▸ **Task to complete**
Records follow. Print exactly the lines from the one that has "Ford MUSTANG MACH-E" through the one that has "Michelin x-ice north", inclusive, and omit the pictures.

▸ **Extracted entries**
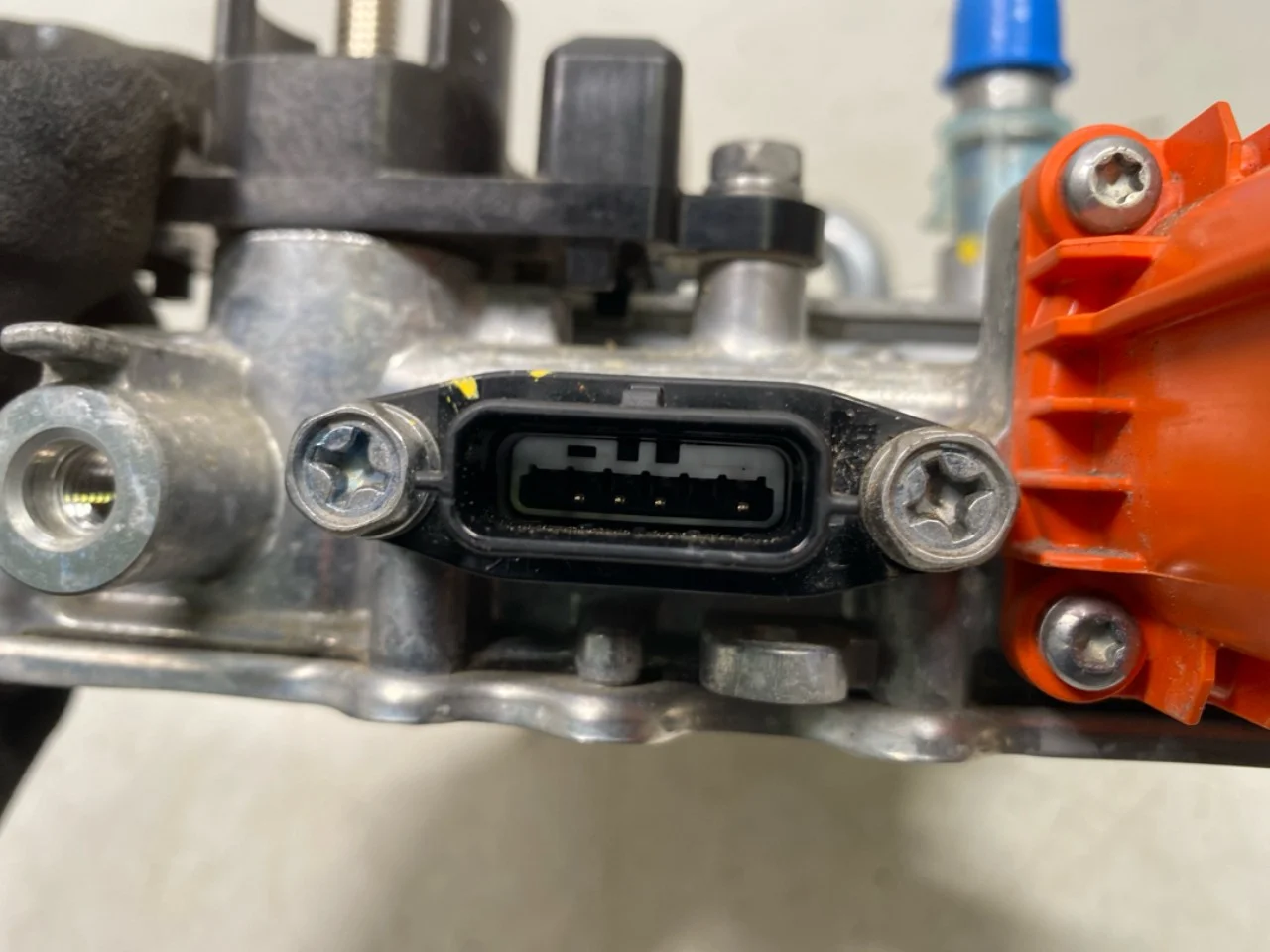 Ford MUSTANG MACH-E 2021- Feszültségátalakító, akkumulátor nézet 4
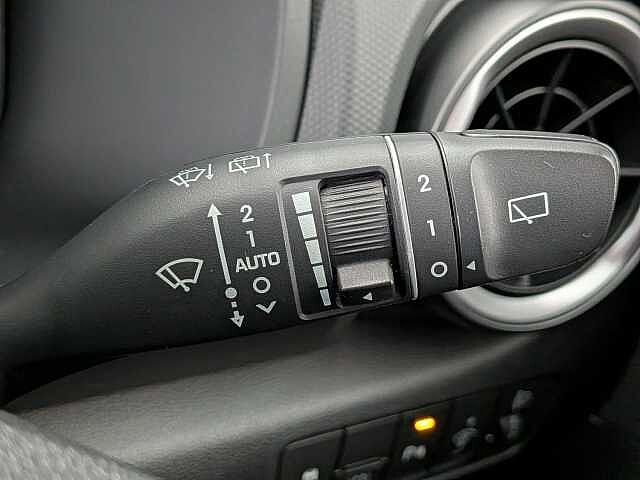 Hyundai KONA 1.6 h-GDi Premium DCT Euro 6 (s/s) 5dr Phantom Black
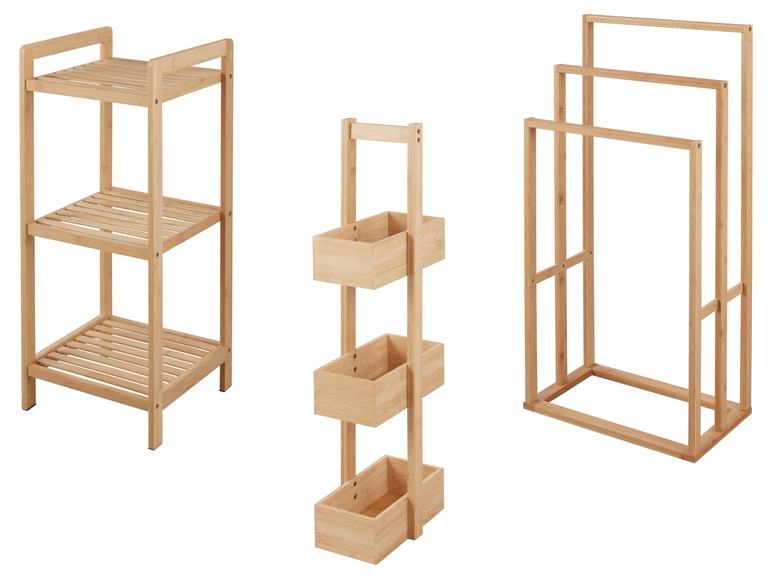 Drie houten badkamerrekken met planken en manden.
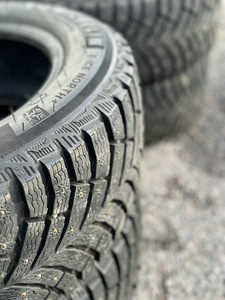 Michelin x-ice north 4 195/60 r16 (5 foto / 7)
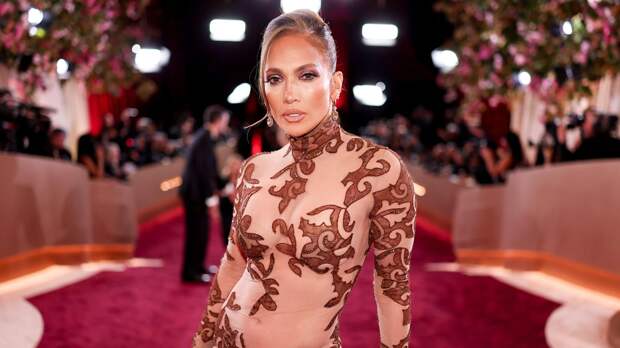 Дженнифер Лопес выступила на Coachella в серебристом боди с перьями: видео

==

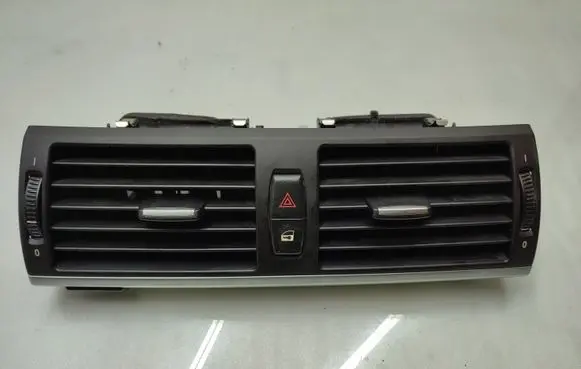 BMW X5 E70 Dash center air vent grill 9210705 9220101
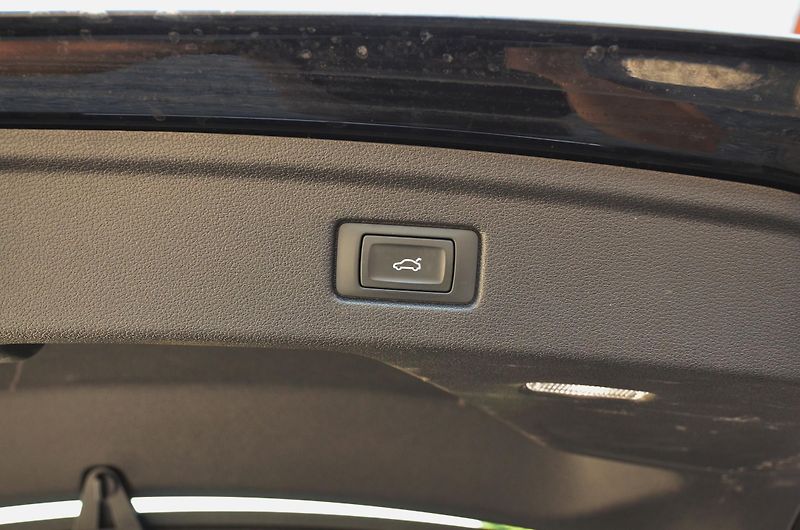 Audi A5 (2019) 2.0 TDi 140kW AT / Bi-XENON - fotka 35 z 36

▸ **Solved exercise**
 Ford MUSTANG MACH-E 2021- Feszültségátalakító, akkumulátor nézet 4
 Hyundai KONA 1.6 h-GDi Premium DCT Euro 6 (s/s) 5dr Phantom Black
 Drie houten badkamerrekken met planken en manden.
 Michelin x-ice north 4 195/60 r16 (5 foto / 7)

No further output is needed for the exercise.